**What you should do**
Starting at the line that holds "Magnolia Green Halterneck Sequin Maxi Dress", quote every line through the end of the records, both boundary lines included. Omit the pictures.

**Source information**
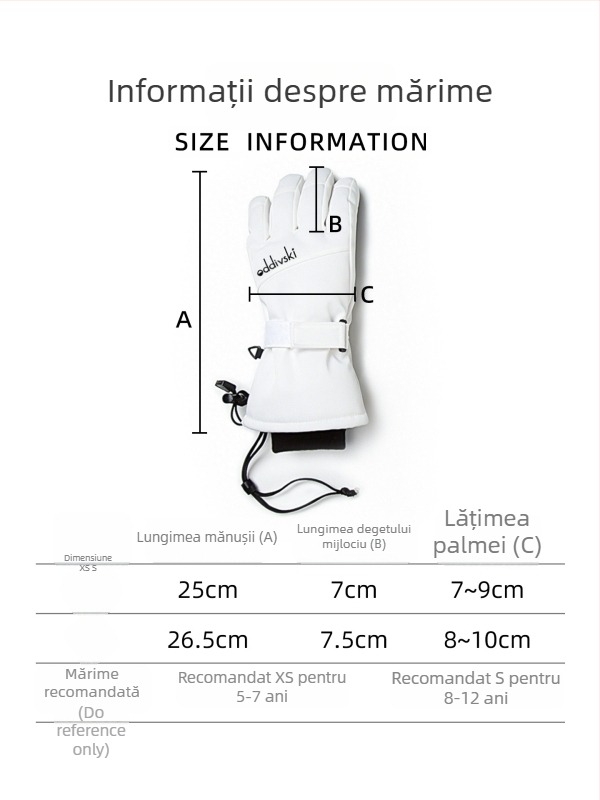 oddivski Mănuși de schi pentru copii – impermeabile, rezistente la vânt, căptușite cu fleece, exterior Oxford, căptușeală poliester, rating 20000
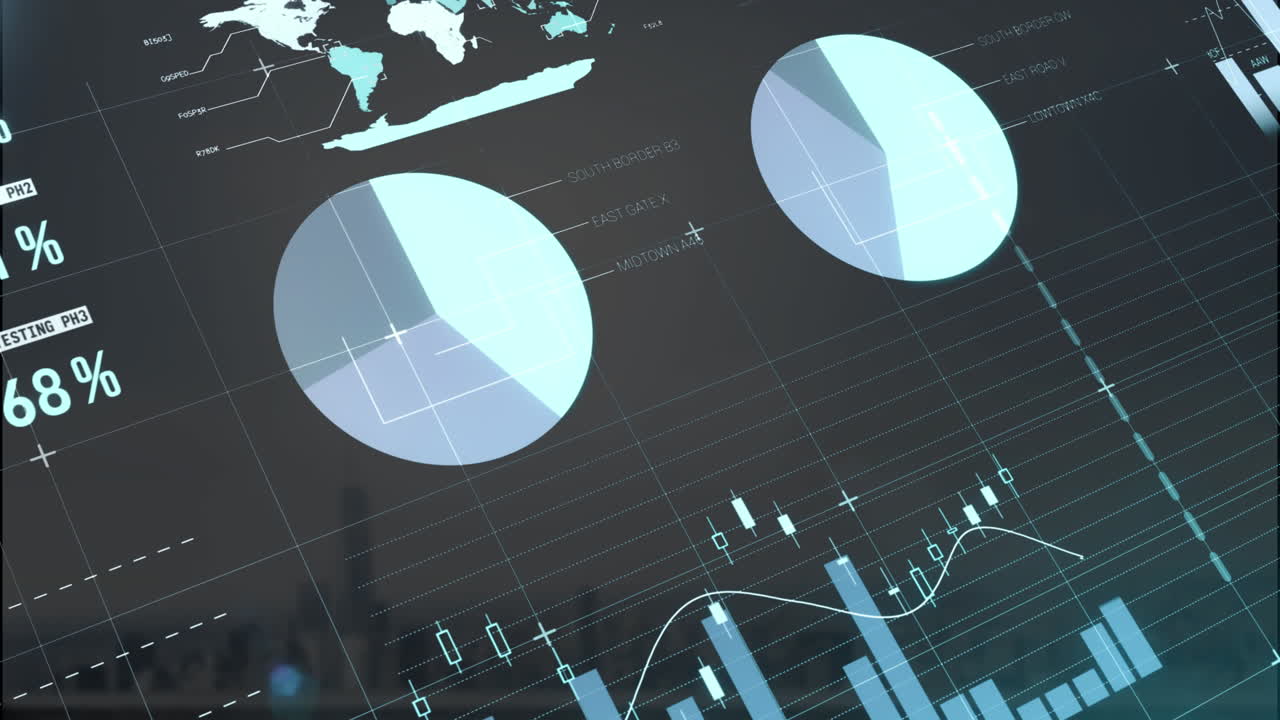 Animation of infographic interface over fog covered modern cityscape against cloudy sky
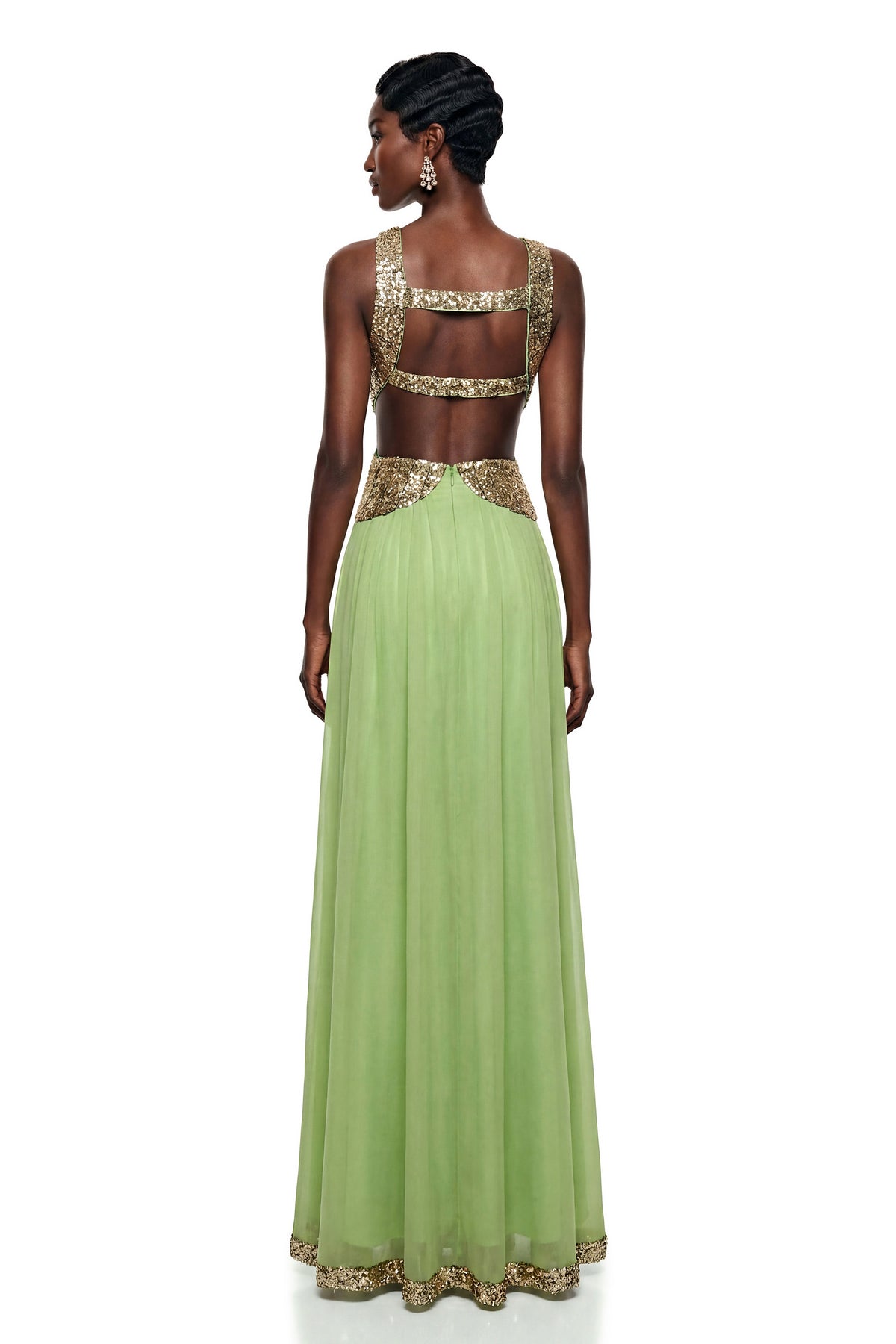Magnolia Green Halterneck Sequin Maxi Dress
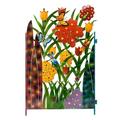 Colorful Metal 3-Panel Butterfly and Flower Garden Screen Garden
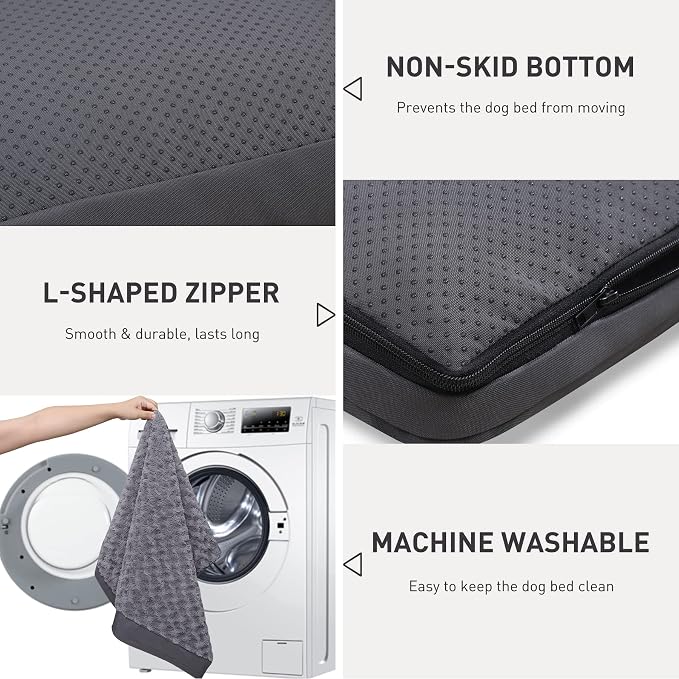 KSIIA Washable Dog Bed for Crate Waterproof for Medium Dogs,29x18 Inch,Gray | 3in egg crate foam,orthopedic support,Soft rose velvet,3ply waterproof fabric,removable cover,anti-slip base,washable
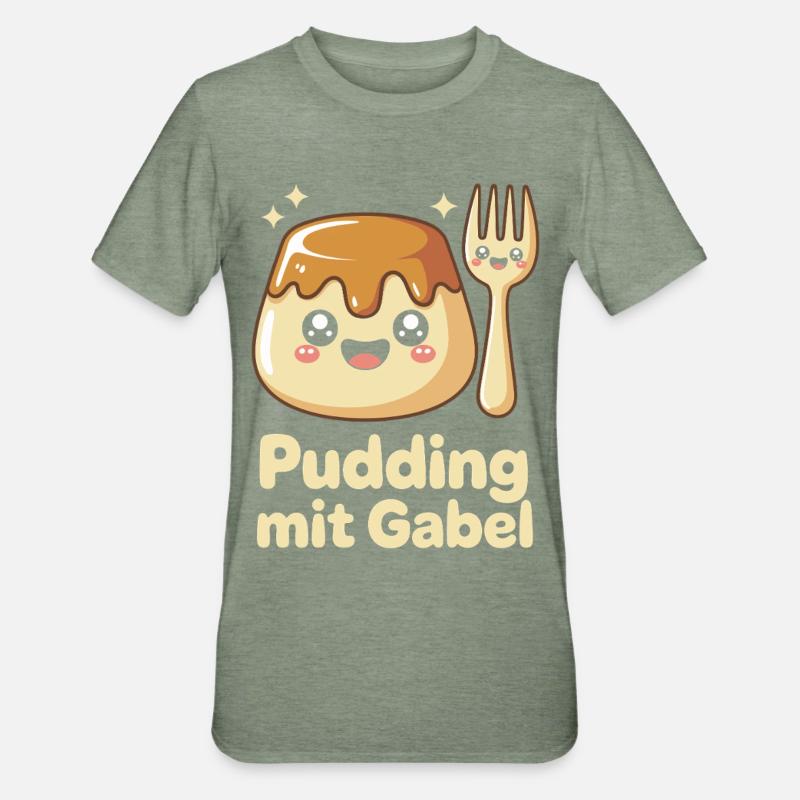 Pudding with fork - Unisex Polycotton T-Shirt - heather military green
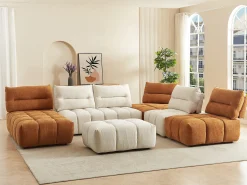 Sofá canto panorâmico modular e pufe encosto função avança-recua bege e terracota APOLIU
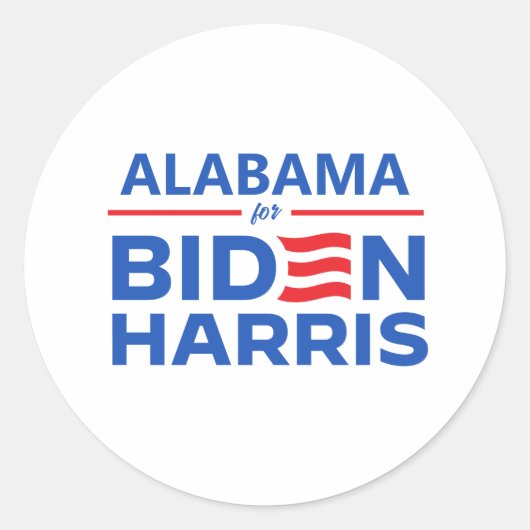Alabama voor Biden Harris Ronde Sticker (Voorkant)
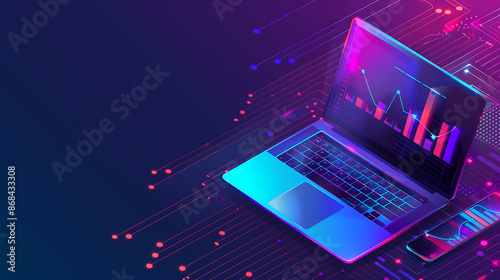 Laptop position in business analysis perspective, space for text, vector illustration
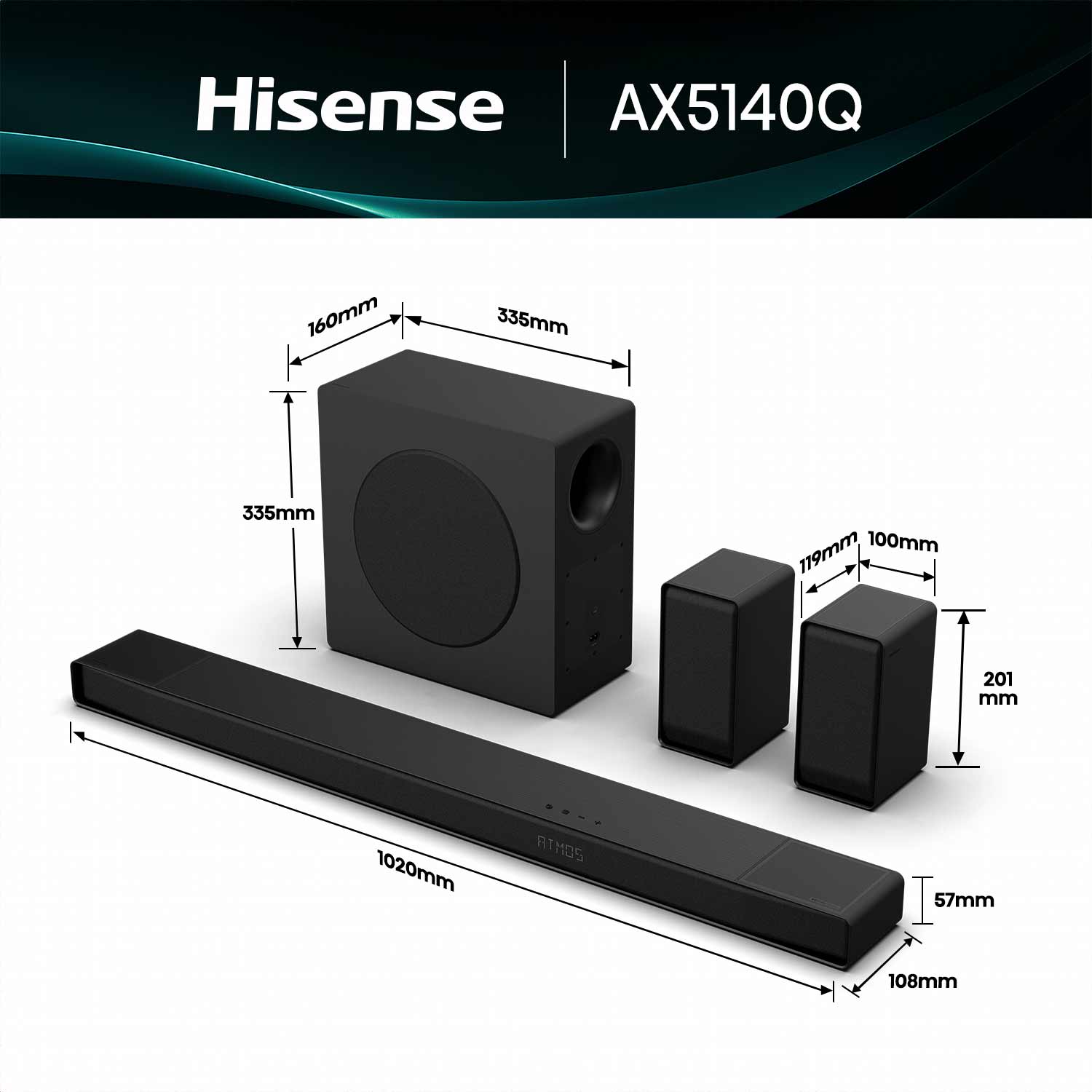 AX5140Q 600W 5.1.4 Channel Soundbar with Dolby Atmos AX5140Q 600W 5.1.4 Channel Soundbar with Dolby Atmos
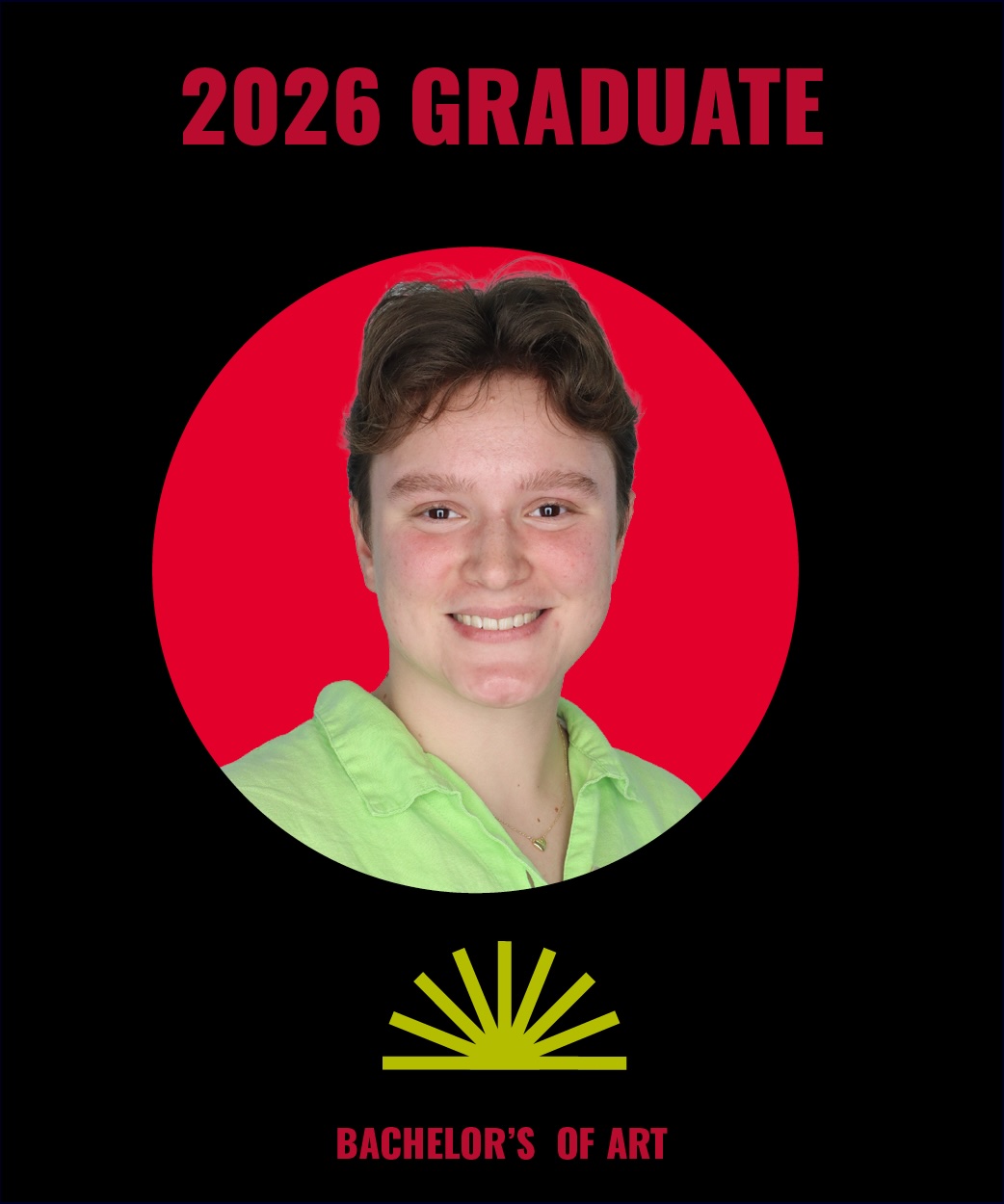 Francie Carson in graphic with black background 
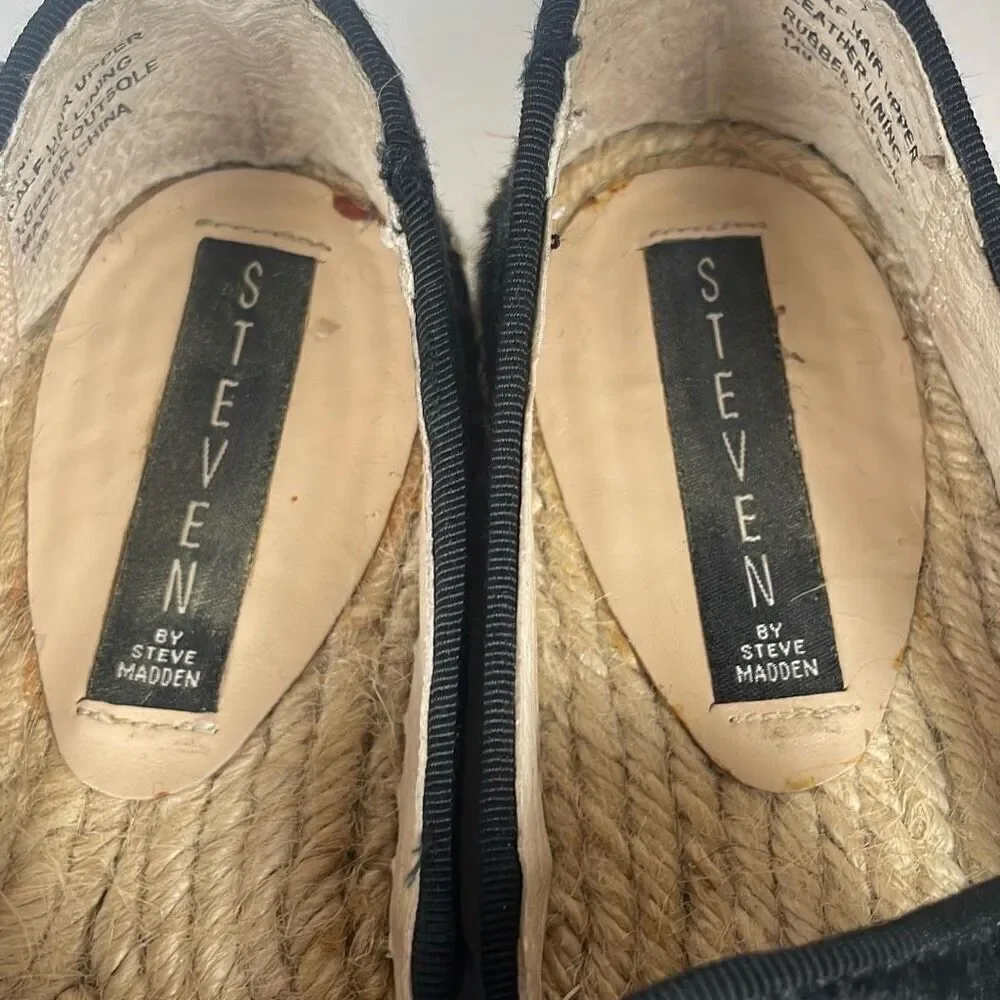 Steve Madden Lanii Hair Calf Espadrille Loafers 7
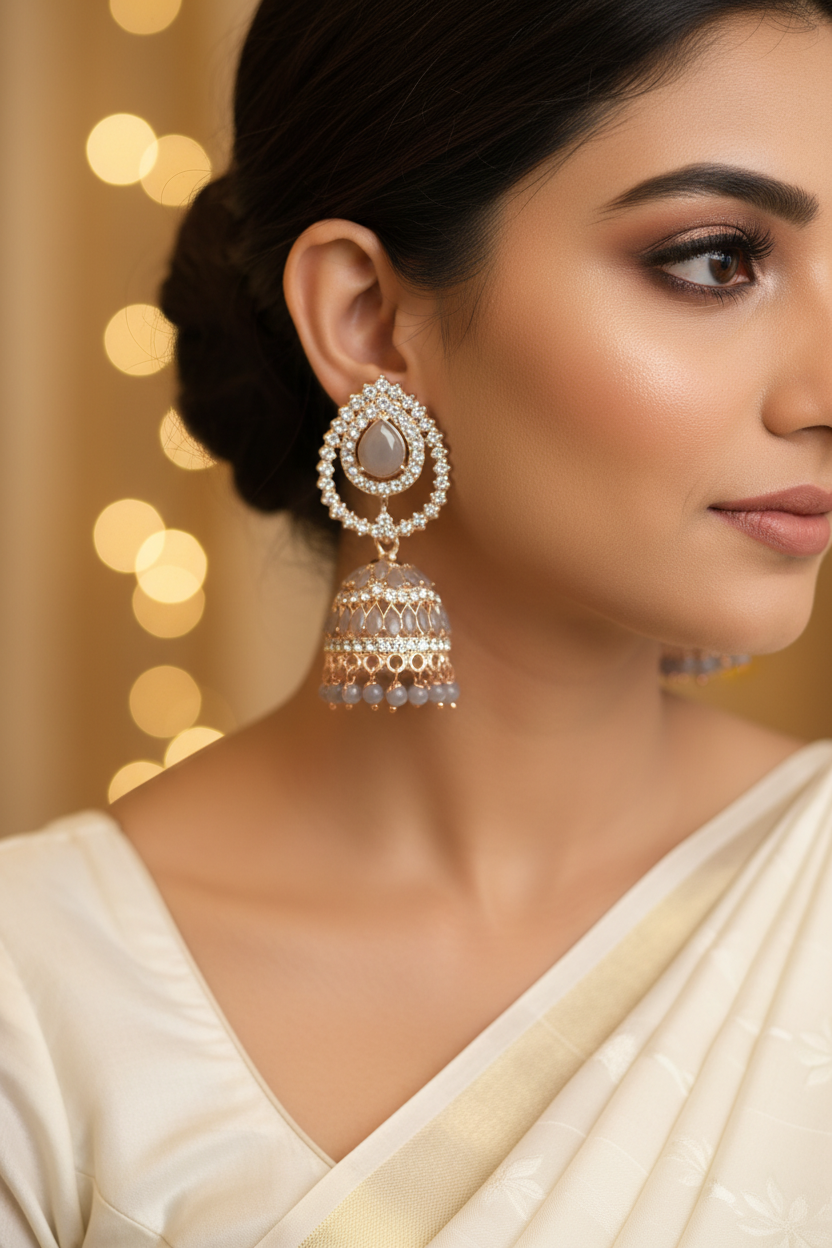 White Ivory Teardrop Crystal Jhumki Earrings - Model Bridal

**Exercise solution**
Magnolia Green Halterneck Sequin Maxi Dress
 Colorful Metal 3-Panel Butterfly and Flower Garden Screen Garden
 KSIIA Washable Dog Bed for Crate Waterproof for Medium Dogs,29x18 Inch,Gray | 3in egg crate foam,orthopedic support,Soft rose velvet,3ply waterproof fabric,removable cover,anti-slip base,washable
 Pudding with fork - Unisex Polycotton T-Shirt - heather military green
 Sofá canto panorâmico modular e pufe encosto função avança-recua bege e terracota APOLIU
Alabama voor Biden Harris Ronde Sticker (Voorkant)
 Laptop position in business analysis perspective, space for text, vector illustration
 AX5140Q 600W 5.1.4 Channel Soundbar with Dolby Atmos AX5140Q 600W 5.1.4 Channel Soundbar with Dolby Atmos
 Francie Carson in graphic with black background 
 Steve Madden Lanii Hair Calf Espadrille Loafers 7
 White Ivory Teardrop Crystal Jhumki Earrings - Model Bridal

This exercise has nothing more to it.